:: Task to carry out ::
Go to the line with "Văn Hậu tái xuất sau thời gian dài chấn thương. Văn" in the material below and copy from there through the line with "Vajon Harry herceg", exactly. Pictures are not copied.

:: Records shown ::
◇ ◇ ◇ ◇ ◇ ◇ ◇

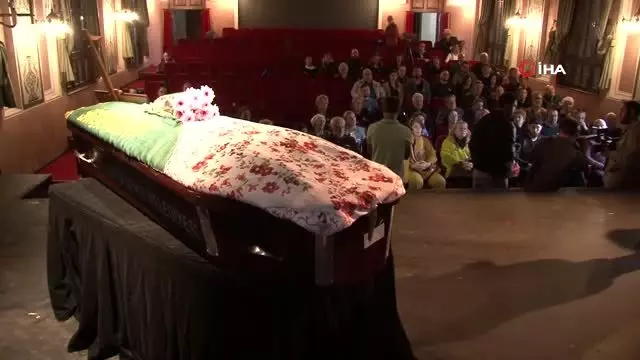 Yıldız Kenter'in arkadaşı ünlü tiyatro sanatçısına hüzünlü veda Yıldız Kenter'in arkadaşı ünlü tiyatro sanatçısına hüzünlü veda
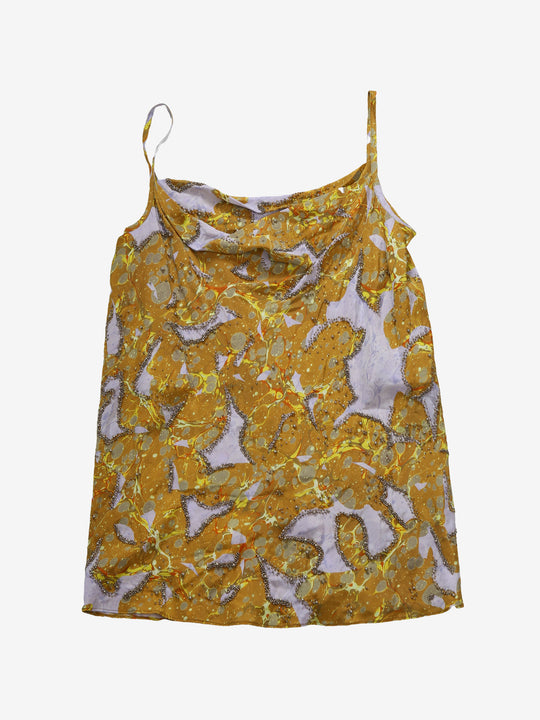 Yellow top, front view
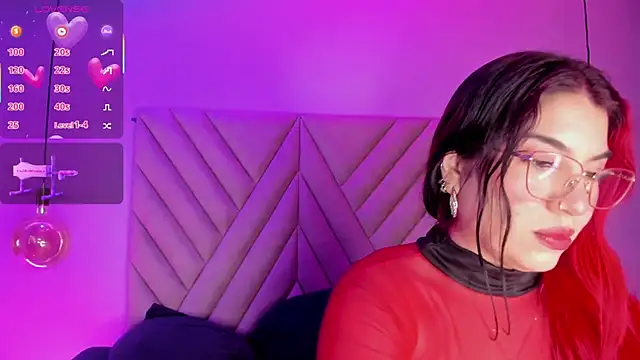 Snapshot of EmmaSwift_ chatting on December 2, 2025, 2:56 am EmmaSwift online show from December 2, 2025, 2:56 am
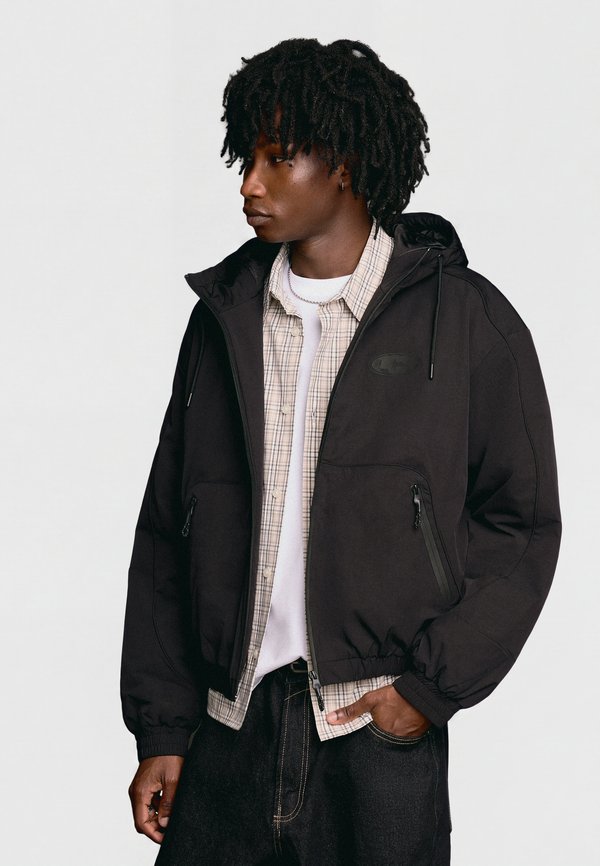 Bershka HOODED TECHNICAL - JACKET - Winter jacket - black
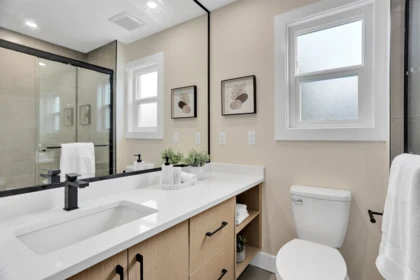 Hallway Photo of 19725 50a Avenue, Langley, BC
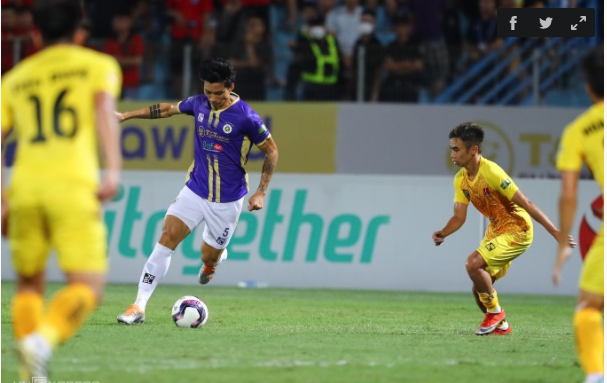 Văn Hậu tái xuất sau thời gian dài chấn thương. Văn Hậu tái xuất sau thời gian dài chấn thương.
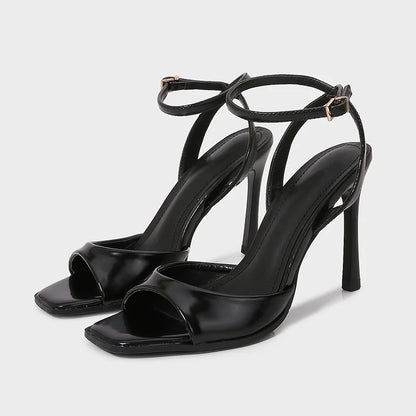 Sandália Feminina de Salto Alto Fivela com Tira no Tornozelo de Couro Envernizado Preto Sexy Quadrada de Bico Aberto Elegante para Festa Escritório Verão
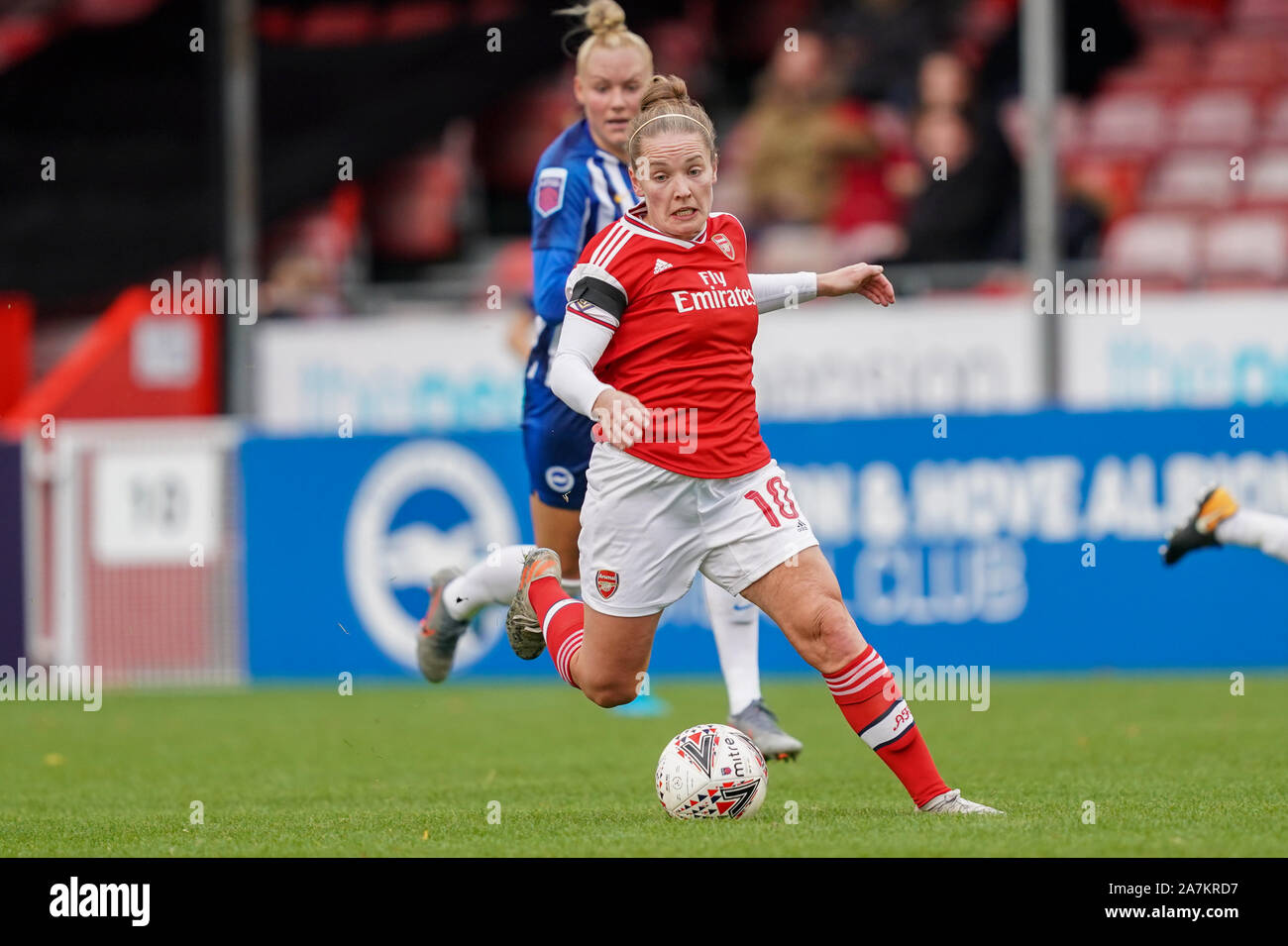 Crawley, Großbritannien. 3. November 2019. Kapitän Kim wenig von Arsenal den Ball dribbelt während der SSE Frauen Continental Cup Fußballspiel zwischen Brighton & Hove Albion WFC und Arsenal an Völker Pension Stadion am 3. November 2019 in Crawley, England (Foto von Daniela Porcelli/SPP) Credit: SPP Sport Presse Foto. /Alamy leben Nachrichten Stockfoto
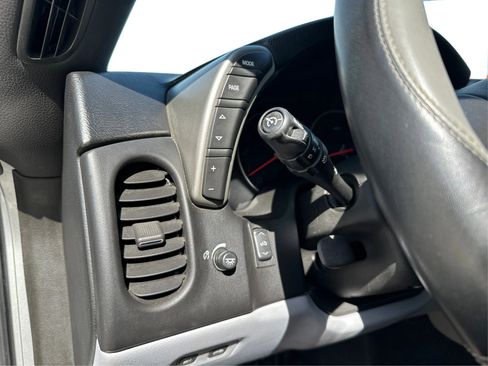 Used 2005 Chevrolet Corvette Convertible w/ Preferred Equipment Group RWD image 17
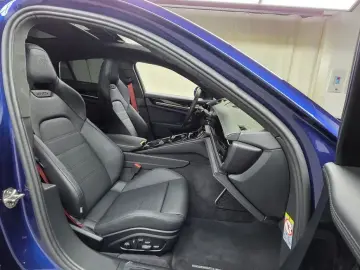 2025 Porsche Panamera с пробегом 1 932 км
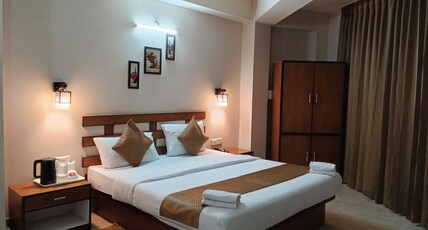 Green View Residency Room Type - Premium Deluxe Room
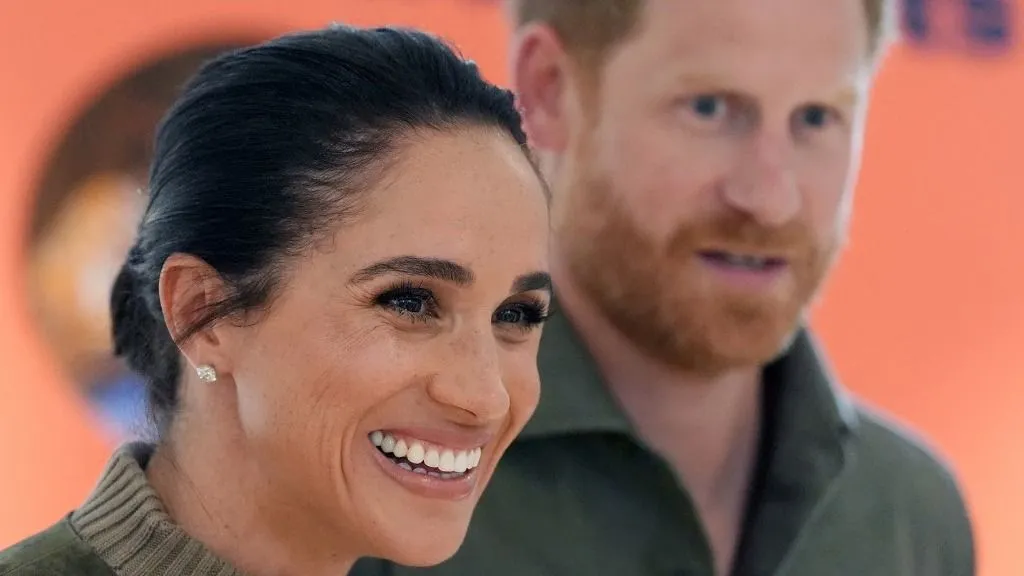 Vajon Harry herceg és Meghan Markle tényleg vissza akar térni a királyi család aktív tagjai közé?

◇ ◇ ◇ ◇ ◇ ◇ ◇

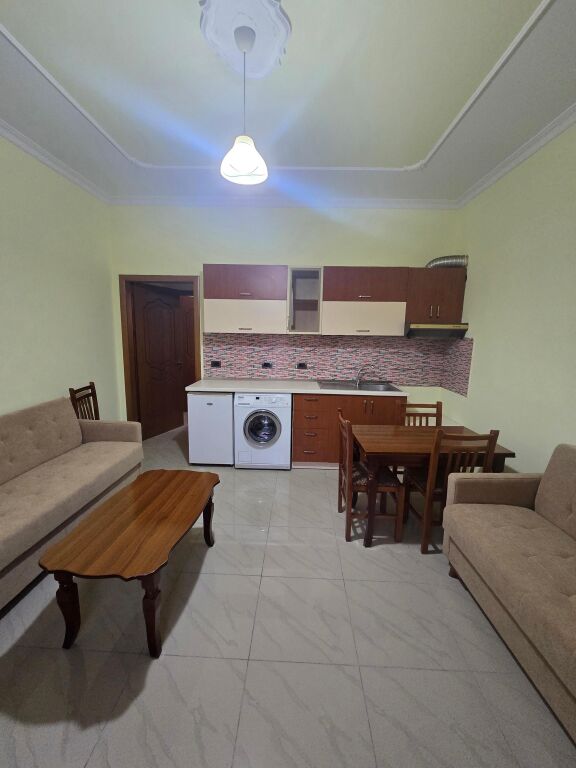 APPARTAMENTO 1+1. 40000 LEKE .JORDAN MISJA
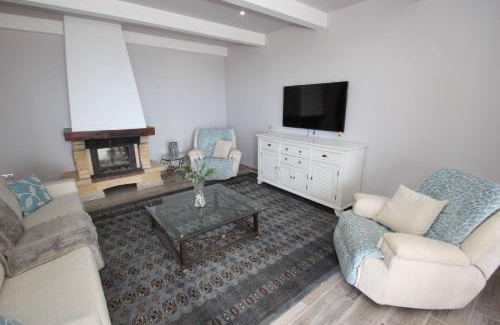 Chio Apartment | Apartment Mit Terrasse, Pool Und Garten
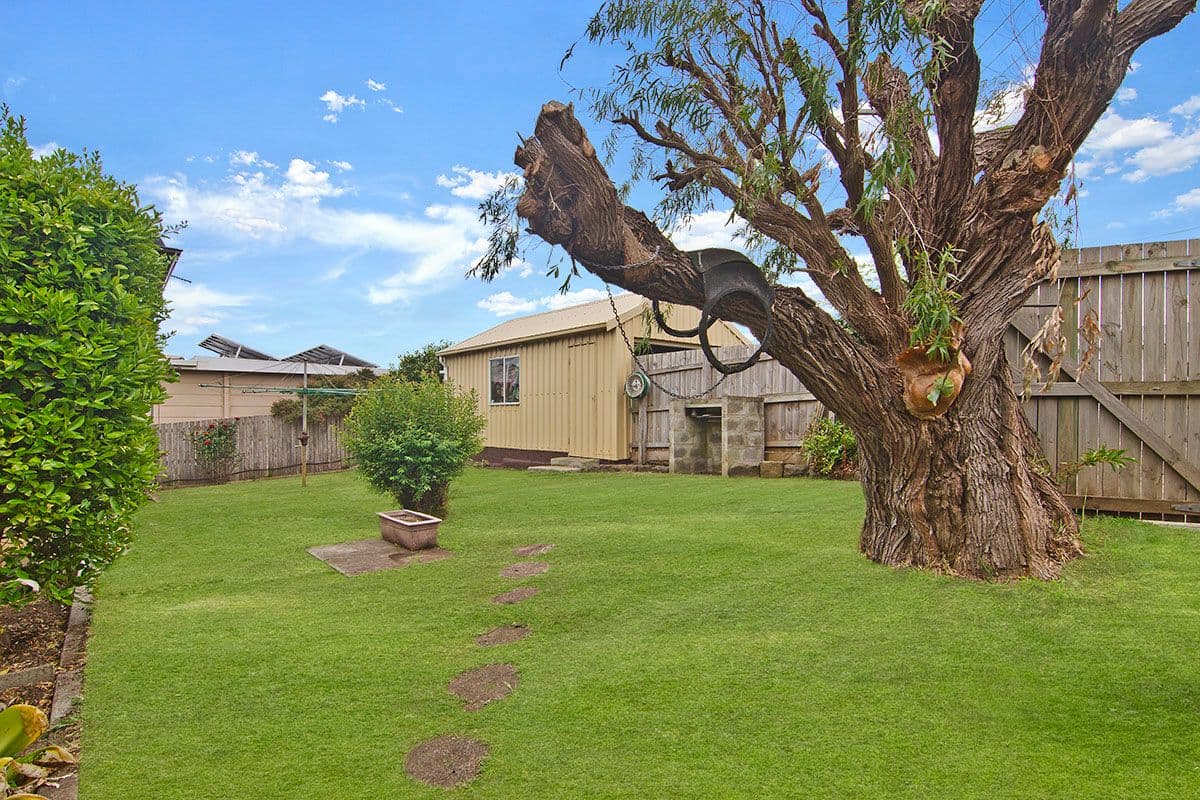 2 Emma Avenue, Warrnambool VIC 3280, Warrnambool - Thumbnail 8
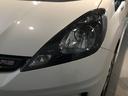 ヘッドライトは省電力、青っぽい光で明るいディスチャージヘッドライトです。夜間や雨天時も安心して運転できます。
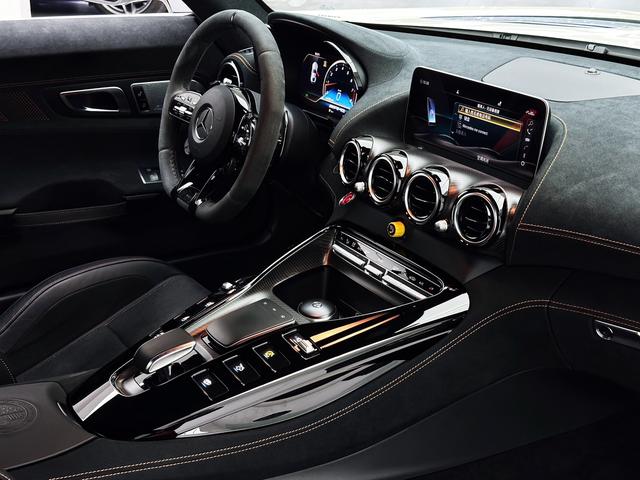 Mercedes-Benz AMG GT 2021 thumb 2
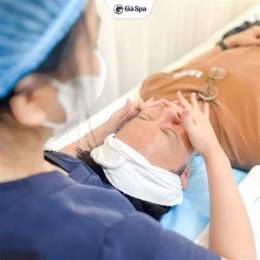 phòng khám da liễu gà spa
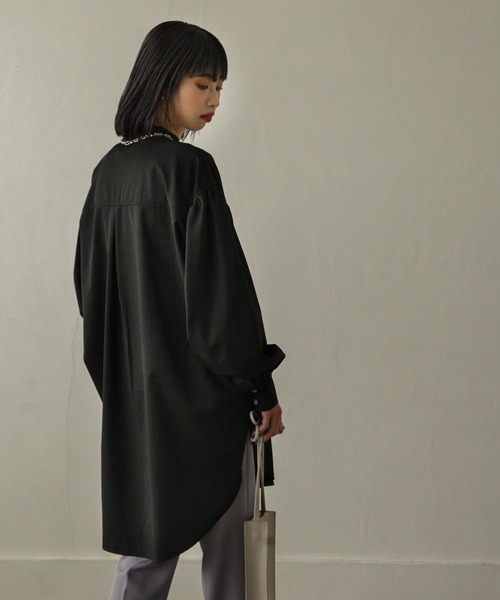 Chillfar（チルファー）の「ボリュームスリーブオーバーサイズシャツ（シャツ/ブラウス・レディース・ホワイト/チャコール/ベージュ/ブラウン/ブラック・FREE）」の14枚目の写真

◇ ◇ ◇ ◇ ◇ ◇ ◇

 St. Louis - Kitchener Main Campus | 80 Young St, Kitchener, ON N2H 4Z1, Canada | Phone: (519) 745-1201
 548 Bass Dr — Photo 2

◇ ◇ ◇ ◇ ◇ ◇ ◇

:: Exercise output ::
 Văn Hậu tái xuất sau thời gian dài chấn thương. Văn Hậu tái xuất sau thời gian dài chấn thương.
 Sandália Feminina de Salto Alto Fivela com Tira no Tornozelo de Couro Envernizado Preto Sexy Quadrada de Bico Aberto Elegante para Festa Escritório Verão
 Crawley, Großbritannien. 3. November 2019. Kapitän Kim wenig von Arsenal den Ball dribbelt während der SSE Frauen Continental Cup Fußballspiel zwischen Brighton & Hove Albion WFC und Arsenal an Völker Pension Stadion am 3. November 2019 in Crawley, England (Foto von Daniela Porcelli/SPP) Credit: SPP Sport Presse Foto. /Alamy leben Nachrichten Stockfoto
 Used 2005 Chevrolet Corvette Convertible w/ Preferred Equipment Group RWD image 17
 2025 Porsche Panamera с пробегом 1 932 км
 Green View Residency Room Type - Premium Deluxe Room
 Vajon Harry herceg és Meghan Markle tényleg vissza akar térni a királyi család aktív tagjai közé?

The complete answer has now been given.